No es de extrañar que este panorama también se repita en otros países de Latinoamérica, como Argentina y Chile. Una tendencia relacionada con factores como la inflación, el desempleo femenino y la precarización laboral han incrementado la presencia del trabajo sexual como opción económica

En paralelo, estados turísticos como Quintana Roo, Baja California y Jalisco muestran un crecimiento en la demanda vinculada al turismo sexual, fenómeno que ha reactivado debates sobre regulación y seguridad.

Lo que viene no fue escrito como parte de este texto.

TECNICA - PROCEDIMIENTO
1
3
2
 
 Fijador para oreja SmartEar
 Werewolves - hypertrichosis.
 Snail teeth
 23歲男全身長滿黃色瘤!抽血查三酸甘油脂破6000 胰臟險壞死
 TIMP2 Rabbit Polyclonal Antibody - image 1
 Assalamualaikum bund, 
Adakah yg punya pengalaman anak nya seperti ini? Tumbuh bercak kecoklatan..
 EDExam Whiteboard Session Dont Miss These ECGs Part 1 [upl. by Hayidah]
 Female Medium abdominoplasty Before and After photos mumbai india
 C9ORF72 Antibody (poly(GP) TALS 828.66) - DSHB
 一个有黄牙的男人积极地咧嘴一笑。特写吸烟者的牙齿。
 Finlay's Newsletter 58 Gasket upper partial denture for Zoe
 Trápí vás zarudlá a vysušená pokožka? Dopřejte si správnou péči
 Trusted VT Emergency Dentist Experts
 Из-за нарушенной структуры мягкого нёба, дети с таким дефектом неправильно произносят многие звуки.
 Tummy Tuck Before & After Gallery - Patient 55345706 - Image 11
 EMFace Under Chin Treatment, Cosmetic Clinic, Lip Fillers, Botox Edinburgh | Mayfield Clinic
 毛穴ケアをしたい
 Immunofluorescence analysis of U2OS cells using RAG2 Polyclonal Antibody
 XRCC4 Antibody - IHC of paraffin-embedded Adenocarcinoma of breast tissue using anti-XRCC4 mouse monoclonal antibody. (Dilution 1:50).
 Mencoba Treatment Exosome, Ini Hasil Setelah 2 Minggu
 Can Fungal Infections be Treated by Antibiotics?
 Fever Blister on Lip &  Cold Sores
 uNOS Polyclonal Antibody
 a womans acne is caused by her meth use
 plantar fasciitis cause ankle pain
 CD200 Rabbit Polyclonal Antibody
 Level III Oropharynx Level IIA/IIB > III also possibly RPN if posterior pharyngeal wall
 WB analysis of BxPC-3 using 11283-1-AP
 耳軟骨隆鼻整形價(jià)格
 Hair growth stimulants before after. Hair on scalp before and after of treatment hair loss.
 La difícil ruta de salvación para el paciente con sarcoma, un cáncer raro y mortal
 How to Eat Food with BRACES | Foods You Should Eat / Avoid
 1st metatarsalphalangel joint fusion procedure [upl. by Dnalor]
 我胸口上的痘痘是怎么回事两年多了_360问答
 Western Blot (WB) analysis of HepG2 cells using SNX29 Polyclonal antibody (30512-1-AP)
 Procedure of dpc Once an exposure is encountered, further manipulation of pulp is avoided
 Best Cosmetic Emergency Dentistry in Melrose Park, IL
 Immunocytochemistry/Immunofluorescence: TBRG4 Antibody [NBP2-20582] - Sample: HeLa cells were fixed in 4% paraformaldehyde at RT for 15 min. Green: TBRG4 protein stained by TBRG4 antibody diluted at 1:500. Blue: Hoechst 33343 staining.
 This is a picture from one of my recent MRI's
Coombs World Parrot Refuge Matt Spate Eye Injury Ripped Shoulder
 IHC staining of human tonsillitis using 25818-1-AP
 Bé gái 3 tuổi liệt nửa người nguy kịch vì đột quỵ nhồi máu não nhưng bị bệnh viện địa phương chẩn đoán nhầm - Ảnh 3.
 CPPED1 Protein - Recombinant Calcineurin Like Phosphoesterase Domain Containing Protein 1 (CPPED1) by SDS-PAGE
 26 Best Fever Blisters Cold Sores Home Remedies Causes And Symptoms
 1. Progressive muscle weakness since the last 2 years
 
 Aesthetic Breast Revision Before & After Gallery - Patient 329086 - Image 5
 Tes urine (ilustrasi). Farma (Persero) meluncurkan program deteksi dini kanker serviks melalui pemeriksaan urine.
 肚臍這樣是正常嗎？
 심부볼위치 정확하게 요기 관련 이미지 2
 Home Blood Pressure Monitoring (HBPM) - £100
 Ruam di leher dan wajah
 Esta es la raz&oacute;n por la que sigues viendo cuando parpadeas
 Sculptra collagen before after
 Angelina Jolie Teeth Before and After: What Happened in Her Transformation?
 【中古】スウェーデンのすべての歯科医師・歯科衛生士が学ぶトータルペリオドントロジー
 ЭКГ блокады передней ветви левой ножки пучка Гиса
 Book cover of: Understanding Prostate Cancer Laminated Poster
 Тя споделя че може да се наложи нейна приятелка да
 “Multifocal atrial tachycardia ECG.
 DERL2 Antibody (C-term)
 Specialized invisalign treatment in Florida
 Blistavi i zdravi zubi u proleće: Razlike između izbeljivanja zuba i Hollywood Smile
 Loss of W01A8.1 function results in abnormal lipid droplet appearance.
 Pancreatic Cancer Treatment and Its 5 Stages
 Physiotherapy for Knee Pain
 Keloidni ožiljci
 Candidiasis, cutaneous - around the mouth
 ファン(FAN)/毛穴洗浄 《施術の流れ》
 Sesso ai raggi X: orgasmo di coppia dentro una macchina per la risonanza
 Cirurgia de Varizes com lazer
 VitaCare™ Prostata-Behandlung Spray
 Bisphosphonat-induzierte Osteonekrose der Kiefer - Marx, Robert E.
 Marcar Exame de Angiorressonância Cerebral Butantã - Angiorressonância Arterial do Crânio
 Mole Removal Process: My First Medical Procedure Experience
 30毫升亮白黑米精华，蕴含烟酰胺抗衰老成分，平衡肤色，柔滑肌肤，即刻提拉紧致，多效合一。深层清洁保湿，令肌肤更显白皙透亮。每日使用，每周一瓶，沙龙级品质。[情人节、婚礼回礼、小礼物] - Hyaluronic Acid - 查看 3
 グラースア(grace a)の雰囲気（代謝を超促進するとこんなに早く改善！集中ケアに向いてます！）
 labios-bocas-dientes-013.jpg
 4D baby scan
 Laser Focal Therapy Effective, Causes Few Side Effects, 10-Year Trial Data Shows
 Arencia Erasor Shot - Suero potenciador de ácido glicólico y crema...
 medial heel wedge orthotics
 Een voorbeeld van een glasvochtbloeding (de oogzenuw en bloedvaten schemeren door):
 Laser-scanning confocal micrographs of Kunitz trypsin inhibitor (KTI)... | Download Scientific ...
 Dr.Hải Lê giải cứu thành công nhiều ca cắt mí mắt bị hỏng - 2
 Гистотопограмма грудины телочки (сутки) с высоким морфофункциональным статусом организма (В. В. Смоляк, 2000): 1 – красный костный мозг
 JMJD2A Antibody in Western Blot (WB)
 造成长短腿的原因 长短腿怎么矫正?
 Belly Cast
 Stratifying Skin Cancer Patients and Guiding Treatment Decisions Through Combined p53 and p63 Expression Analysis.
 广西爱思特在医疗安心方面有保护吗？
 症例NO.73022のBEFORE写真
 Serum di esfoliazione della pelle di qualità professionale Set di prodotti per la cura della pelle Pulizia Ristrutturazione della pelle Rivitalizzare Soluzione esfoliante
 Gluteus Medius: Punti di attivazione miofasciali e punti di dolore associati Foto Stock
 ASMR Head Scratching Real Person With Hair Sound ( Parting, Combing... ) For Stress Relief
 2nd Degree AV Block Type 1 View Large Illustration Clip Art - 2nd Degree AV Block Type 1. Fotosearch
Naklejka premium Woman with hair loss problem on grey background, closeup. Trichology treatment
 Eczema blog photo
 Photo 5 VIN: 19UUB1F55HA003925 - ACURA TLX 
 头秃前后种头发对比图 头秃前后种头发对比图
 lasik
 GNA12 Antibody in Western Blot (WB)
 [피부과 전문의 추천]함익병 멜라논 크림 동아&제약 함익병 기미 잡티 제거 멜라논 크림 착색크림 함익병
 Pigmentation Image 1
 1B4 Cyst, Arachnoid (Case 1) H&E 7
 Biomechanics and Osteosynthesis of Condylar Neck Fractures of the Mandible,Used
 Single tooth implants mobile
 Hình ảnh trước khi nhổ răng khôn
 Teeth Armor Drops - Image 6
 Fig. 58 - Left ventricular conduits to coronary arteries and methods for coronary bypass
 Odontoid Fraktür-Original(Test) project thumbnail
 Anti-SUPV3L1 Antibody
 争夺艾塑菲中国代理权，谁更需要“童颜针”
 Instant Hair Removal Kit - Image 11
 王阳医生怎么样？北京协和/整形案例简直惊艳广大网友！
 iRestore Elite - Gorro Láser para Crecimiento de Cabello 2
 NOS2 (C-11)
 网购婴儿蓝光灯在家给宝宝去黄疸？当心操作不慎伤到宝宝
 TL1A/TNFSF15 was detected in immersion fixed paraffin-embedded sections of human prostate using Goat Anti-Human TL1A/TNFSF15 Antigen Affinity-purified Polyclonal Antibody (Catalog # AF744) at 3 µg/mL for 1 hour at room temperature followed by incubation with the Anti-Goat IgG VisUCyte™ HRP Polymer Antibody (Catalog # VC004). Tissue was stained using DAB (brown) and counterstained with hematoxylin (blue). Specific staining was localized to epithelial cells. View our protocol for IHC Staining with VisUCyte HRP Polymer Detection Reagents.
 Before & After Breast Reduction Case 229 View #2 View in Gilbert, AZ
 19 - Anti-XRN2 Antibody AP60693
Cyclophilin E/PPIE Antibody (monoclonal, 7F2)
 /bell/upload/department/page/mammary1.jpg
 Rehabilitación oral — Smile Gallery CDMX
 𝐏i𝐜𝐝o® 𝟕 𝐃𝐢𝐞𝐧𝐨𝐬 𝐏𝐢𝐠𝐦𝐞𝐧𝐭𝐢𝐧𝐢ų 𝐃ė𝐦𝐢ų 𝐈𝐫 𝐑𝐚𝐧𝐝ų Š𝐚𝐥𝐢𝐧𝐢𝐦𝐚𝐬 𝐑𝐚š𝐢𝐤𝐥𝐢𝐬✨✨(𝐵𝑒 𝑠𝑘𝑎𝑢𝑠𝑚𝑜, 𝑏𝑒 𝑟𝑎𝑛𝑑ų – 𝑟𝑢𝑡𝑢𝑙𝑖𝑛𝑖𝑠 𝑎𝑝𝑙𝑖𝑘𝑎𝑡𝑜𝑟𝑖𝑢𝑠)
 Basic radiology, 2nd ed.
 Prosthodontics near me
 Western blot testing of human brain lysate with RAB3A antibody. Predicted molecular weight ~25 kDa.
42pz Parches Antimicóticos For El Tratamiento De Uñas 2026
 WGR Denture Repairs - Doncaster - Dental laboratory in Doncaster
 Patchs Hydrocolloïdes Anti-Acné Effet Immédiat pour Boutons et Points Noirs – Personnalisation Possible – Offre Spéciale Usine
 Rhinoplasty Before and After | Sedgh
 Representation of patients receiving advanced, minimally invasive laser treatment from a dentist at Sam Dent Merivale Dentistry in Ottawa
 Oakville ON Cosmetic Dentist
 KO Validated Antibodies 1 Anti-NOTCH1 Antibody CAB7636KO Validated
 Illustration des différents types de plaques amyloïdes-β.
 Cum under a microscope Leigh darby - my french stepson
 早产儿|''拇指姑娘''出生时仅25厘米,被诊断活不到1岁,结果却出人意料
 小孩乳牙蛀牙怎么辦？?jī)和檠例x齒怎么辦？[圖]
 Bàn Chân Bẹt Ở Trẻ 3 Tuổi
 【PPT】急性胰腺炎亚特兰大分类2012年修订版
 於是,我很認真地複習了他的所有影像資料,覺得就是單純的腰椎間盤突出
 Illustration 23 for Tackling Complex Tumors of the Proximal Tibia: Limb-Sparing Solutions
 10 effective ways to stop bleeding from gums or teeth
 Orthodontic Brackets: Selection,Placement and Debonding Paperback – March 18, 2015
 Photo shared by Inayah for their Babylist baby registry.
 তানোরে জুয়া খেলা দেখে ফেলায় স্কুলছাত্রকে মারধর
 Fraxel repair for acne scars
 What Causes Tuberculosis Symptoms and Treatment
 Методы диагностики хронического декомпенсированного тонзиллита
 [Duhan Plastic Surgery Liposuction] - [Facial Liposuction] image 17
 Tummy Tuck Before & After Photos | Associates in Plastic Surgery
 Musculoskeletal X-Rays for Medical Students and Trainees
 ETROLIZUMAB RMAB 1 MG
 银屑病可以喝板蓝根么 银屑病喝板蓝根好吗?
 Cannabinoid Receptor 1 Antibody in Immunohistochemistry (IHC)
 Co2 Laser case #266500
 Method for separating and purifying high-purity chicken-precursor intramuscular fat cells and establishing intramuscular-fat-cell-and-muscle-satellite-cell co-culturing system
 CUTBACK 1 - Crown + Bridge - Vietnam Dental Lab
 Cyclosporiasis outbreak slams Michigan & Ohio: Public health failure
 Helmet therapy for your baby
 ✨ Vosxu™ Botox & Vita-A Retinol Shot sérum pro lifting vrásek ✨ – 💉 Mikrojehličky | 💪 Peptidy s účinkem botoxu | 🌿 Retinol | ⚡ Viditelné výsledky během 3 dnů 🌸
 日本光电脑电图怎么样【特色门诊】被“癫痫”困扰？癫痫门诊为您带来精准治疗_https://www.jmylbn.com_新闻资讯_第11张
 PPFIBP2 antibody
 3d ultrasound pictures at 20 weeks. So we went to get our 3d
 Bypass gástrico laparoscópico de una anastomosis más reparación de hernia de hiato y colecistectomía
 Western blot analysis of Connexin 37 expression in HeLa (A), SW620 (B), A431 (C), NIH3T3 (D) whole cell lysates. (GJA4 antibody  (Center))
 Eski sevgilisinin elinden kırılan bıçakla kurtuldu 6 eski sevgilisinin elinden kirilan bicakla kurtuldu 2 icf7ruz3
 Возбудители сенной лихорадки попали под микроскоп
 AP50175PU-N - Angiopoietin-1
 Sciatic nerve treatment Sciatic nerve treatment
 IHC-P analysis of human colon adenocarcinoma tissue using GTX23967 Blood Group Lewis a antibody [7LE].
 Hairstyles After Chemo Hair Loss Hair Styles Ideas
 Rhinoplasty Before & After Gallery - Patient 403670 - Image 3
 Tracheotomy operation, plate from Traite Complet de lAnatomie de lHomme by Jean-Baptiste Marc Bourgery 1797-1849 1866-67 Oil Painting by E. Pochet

¿Regulación, abolición o derechos laborales? El debate actual

El debate actual en México se sitúa entre tres posiciones principales:

  • Abolicionismo: busca erradicar la prostitución por considerarla violencia estructural.
  • Reglamentarismo: insiste en controles sanitarios y delimitación espacial.
  • Trabajo sexual como trabajo: defendido por colectivos como Brigada Callejera, Casa de las Muñecas Tiresias y la Red Mexicana de Trabajo Sexual, que reclaman derechos laborales, seguridad social y reconocimiento.

Aunque la sociedad mexicana de 2025 es más diversa y abierta, el estigma hacia las trabajadoras sexuales sigue profundamente arraigado, y las políticas públicas avanzan de manera desigual. Además, las tensiones mencionadas reflejan un país donde la moral pública, la desigualdad y la búsqueda de autonomía personal chocan constantemente.